From `arize-phoenix-client` (live Phoenix instance)¶

from arize.phoenix.client import Client
from whatifd_phoenix import PhoenixTraceSource

def spans_provider():
    client = Client(endpoint="https://your-phoenix-host")
    # Iterate however your Phoenix deployment exposes spans —
    # the API surface varies by version. The adapter cares only
    # that each yielded item is a dict with OpenInference attrs.
    for span in client.get_spans(project="my-project"):
        yield span.to_dict()

source = PhoenixTraceSource(spans_provider=spans_provider)

From a JSONL dump (offline / CI fixture)¶

import json
from pathlib import Path
from whatifd_phoenix import PhoenixTraceSource

def spans_provider():
    with Path("spans.jsonl").open() as f:
        for line in f:
            yield json.loads(line)

source = PhoenixTraceSource(spans_provider=spans_provider)

From an OpenTelemetry collector¶

If your spans land in any OpenInference-emitting OTLP destination, the same pattern applies — implement a spans_provider that pulls them out as dicts. The adapter never assumes Phoenix-specific transport.

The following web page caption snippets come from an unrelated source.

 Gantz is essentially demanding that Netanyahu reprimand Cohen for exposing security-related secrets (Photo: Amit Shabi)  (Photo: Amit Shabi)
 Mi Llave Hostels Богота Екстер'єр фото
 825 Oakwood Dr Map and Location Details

OpenInference attribute mapping¶

The adapter reads the standard OpenInference span attribute conventions:

OpenInference attribute	`whatifd` use	`Sensitive[str]`?
`context.trace_id`	Group spans into traces	no
`parent_id` (or its absence)	Identify root span per trace	no
`openinference.span.kind`	Classify span (LLM / tool / retriever / agent)	no
`input.value`	Trace input (user message)	yes
`output.value`	Trace output (agent response)	yes
any other attribute	Passed through to `RawTrace.metadata`	no

The Sensitive[str] wrapping is enforced at the adapter boundary; downstream code that needs the raw value must call .unwrap(reason=...) and the unwrap is audit-logged.

Selectors¶

The Phoenix adapter supports the same selector grammar as Langfuse for cohort filtering — see the Langfuse selector grammar. Selectors that depend on tracer-specific concepts (e.g., Langfuse-style score-based filters) are interpreted by the adapter against whatever attribute Phoenix exposes for the equivalent signal.

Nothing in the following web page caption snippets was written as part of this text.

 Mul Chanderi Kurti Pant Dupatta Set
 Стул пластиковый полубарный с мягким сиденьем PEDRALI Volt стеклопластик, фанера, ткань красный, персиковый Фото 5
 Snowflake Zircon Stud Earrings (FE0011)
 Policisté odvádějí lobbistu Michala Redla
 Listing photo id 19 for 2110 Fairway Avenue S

If a selector references a concept Phoenix doesn’t have a direct equivalent for, the adapter declares it unsupported at config-load time (cardinal #1: structural failure, not silent skip).

Tool-call cache¶

OpenInference tool spans surface as cache entries under whatifd’s default use-original policy. The cache key components are derived from the span’s openinference.span.kind == "tool" plus the span’s input.value hash. Tool-output retrieval reads output.value from the same span.

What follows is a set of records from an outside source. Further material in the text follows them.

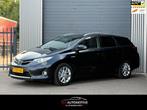 Toyota Auris Touring Sports 1.8 Hybrid Lease AUTOMAAT / PANO, Gebruikt, Origineel Nederlands, Auris, 1320 kg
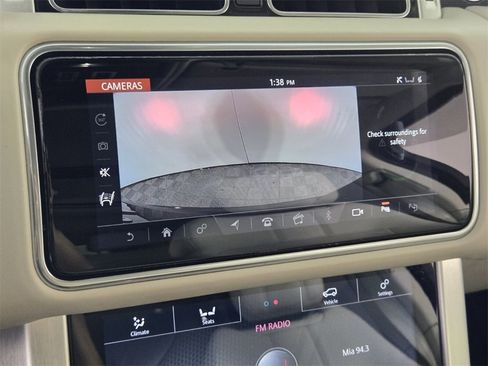 Used 2020 Land Rover Range Rover Long Wheelbase HSE image 23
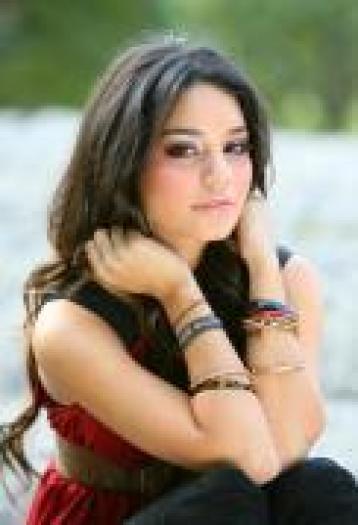 VWYZEYKNIHWKPUJKAXI - vanessa hudgens-gabriella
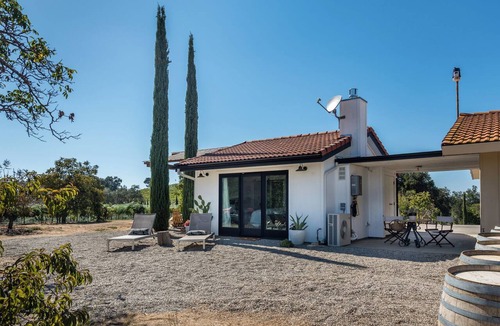 Paso Robles House | Cocavin Carriage House-Gorgeous Getaway for Two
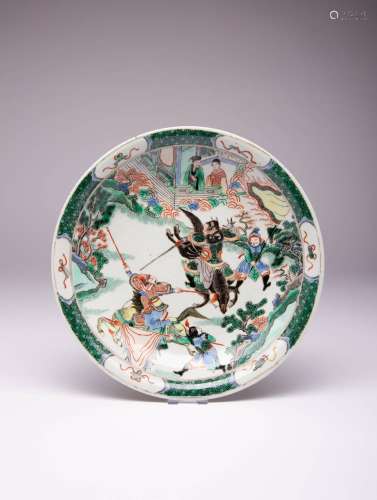A CHINESE FAMILLE VERTE DISH 19TH CENTURY Painted with eques...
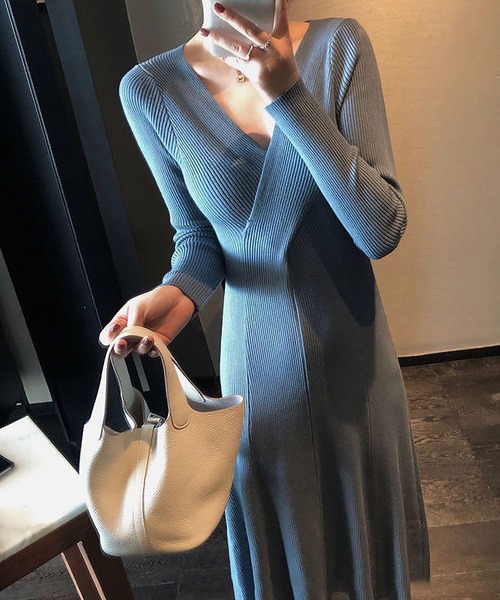 BLANC FICELLE(ブランフィセル)の「リブ編みニット カシュクール ワンピース(ワンピース・レディース・グレー/アイボリー/レッド/ブラック/ブルー・M/L/S/X-LARGE)」の17枚目の写真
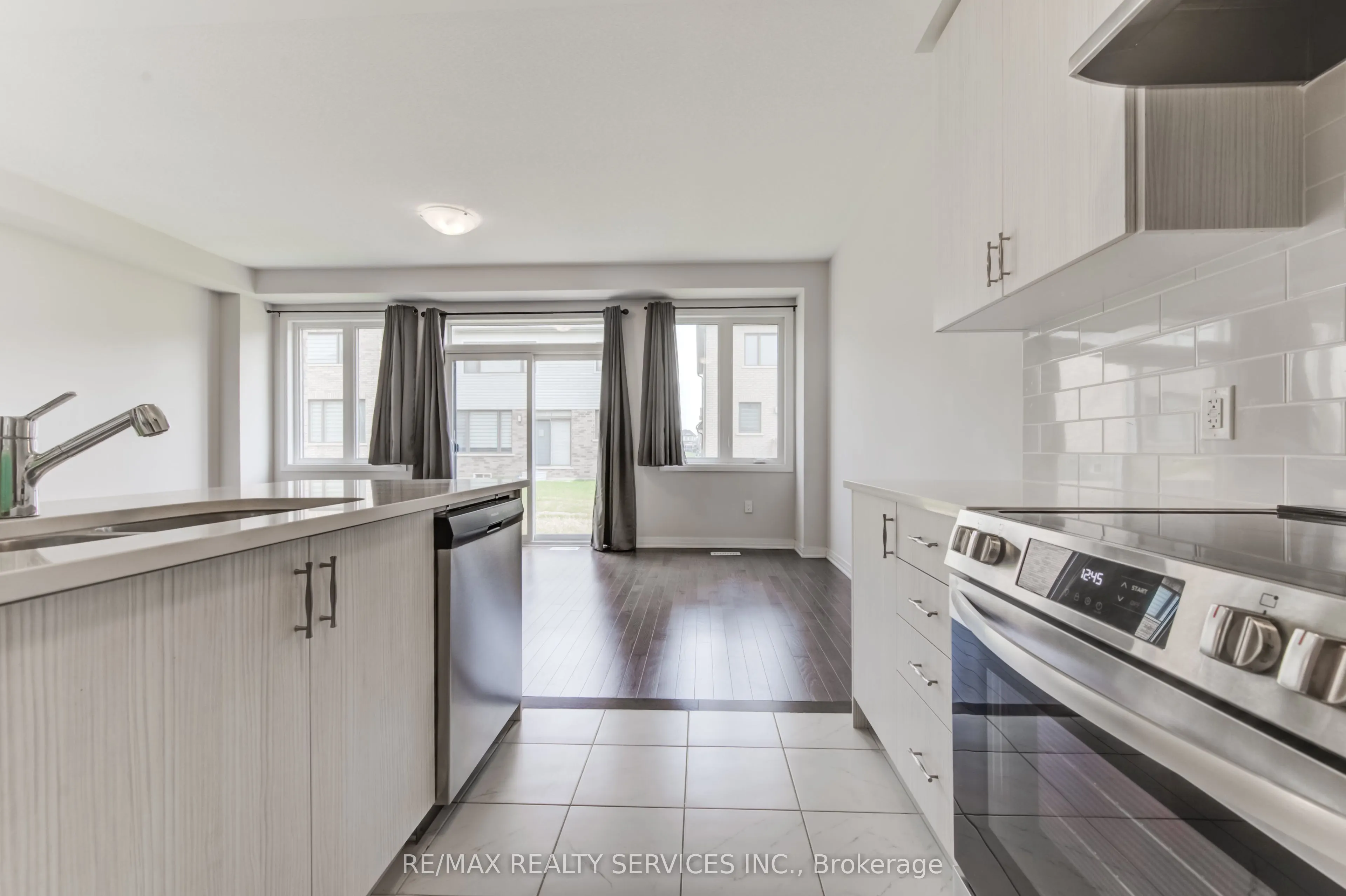 73 Prince Phillip Boulevard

If a trace has incomplete tool spans (output missing, mismatched parent/child structure), whatifd records the trace as a structured replay failure (cardinal #1) in the report’s Replay validity section.

Scope of v0.2 support¶

Feature	v0.2	Notes
Read OpenInference spans from any provider	✅	The `spans_provider` callable is the boundary.
Wrap user content as `Sensitive[str]`	✅	Per cardinal #5.
Conformance with `TraceSource` Protocol	✅	14 conformance tests (5 inherited from the harness + 9 adapter-specific).
Live-Phoenix recorded-cassette smoke	❌ (v0.3)	Parity with `whatifd-langfuse`’s cassette discipline. Today the adapter is verified against fixture spans only.
Phoenix-specific selector grammar	partial	Core selectors map cleanly; Phoenix-only signals (e.g., evaluation runs) are not yet first-class.
Multi-project Phoenix tenancy	✅	The `spans_provider` is per-instance — point it at whichever project.
`cluster_key` for clustered-paired bootstrap (cardinal #10)	declared empty	`cluster_key_support()` returns `()`; v0.3’s cluster-paired bootstrap will widen this.

Limitations¶

The adapter doesn’t ship a Phoenix client wrapper. You supply the spans_provider. This is a deliberate design choice: pinning to a specific Phoenix SDK version would bind whatifd-phoenix to one transport, breaking neutrality. The trade-off is ~5 lines of wiring code at integration time.
OpenInference attribute conformance. If your spans are emitted by a non-standard tracer that almost follows OpenInference, attribute mapping may surface gaps. The adapter validates the attributes it reads at trace-build time; gaps appear as structured RawTrace build errors.
Live-Phoenix verification is not yet structurally pinned. v0.3 will land a pytest-recording-based cassette suite mirroring whatifd-langfuse’s discipline. Until then, validate your spans_provider against a fixture set before relying on it in CI.